Task goal ::
Once you reach the line with "Gold Number '2' Candle" below, copy each line exactly, stopping after the line with "Zynah Pure Modal", and skip any pictures.

Material supplied ::

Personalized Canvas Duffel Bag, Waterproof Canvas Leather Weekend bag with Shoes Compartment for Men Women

---

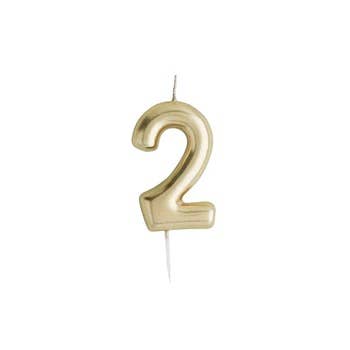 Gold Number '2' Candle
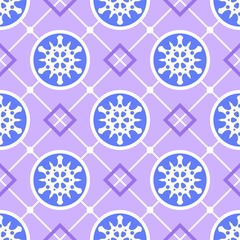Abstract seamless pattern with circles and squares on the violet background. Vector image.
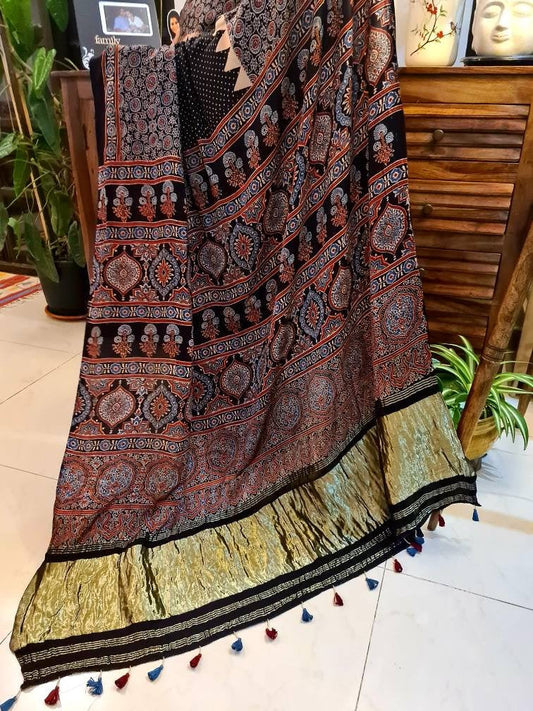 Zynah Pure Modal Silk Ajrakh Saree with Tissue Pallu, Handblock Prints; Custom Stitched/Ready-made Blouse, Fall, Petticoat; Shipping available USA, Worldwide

...

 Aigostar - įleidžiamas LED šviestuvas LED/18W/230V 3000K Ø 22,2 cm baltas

Exercise output ::
 Gold Number '2' Candle
Abstract seamless pattern with circles and squares on the violet background. Vector image.
 Zynah Pure Modal Silk Ajrakh Saree with Tissue Pallu, Handblock Prints; Custom Stitched/Ready-made Blouse, Fall, Petticoat; Shipping available USA, Worldwide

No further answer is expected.